--- EXERCISE OBJECTIVE ---
Wherever the word "Green" shows up in the data, report the line it sits in.

--- SUPPLIED RECORDS ---
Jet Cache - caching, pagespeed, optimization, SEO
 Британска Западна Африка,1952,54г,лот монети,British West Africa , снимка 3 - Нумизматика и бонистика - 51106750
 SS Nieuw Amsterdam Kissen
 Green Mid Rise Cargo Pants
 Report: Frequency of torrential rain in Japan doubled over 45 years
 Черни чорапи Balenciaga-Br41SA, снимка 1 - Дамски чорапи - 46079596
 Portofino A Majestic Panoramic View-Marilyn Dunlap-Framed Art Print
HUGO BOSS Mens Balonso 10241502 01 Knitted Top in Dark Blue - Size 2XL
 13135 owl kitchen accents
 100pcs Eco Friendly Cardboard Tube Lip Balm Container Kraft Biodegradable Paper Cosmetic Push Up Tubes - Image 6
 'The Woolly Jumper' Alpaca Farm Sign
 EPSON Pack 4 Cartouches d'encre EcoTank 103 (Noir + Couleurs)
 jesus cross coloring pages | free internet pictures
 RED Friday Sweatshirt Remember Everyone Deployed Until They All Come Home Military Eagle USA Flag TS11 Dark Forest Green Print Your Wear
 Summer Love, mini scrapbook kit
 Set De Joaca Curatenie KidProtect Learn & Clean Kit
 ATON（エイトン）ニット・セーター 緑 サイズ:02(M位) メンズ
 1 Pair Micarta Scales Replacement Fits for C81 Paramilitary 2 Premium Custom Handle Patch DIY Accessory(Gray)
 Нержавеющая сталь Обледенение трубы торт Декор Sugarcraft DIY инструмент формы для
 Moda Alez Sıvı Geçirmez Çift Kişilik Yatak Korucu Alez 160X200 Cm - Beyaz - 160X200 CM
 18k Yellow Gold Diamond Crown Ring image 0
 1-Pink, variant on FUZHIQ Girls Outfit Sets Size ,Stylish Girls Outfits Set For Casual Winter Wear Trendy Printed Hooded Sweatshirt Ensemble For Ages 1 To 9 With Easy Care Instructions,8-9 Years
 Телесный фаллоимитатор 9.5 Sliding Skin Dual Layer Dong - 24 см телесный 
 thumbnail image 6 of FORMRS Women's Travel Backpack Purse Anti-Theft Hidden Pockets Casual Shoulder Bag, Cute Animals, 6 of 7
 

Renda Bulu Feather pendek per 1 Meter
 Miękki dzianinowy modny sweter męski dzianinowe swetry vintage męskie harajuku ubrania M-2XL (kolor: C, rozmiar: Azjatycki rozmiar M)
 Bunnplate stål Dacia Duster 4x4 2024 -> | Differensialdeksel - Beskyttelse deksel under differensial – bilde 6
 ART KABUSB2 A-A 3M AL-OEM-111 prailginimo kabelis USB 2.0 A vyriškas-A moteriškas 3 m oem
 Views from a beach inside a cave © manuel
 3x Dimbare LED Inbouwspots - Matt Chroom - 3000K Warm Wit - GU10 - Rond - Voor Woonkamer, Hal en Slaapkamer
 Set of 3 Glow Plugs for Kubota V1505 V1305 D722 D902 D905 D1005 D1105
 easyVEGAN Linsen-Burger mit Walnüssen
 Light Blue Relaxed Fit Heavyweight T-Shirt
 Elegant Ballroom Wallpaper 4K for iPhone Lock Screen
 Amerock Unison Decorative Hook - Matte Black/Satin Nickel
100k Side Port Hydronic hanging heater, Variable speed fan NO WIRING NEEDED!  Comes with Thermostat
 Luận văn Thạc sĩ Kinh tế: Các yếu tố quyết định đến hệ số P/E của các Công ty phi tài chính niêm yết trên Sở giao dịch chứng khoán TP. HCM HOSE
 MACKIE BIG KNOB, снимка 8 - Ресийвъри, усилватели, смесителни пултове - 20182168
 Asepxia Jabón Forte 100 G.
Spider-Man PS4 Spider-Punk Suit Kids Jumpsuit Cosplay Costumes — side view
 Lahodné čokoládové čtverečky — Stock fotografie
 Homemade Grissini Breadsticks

--- OUTPUT FOR THIS TASK ---
 Green Mid Rise Cargo Pants
 RED Friday Sweatshirt Remember Everyone Deployed Until They All Come Home Military Eagle USA Flag TS11 Dark Forest Green Print Your Wear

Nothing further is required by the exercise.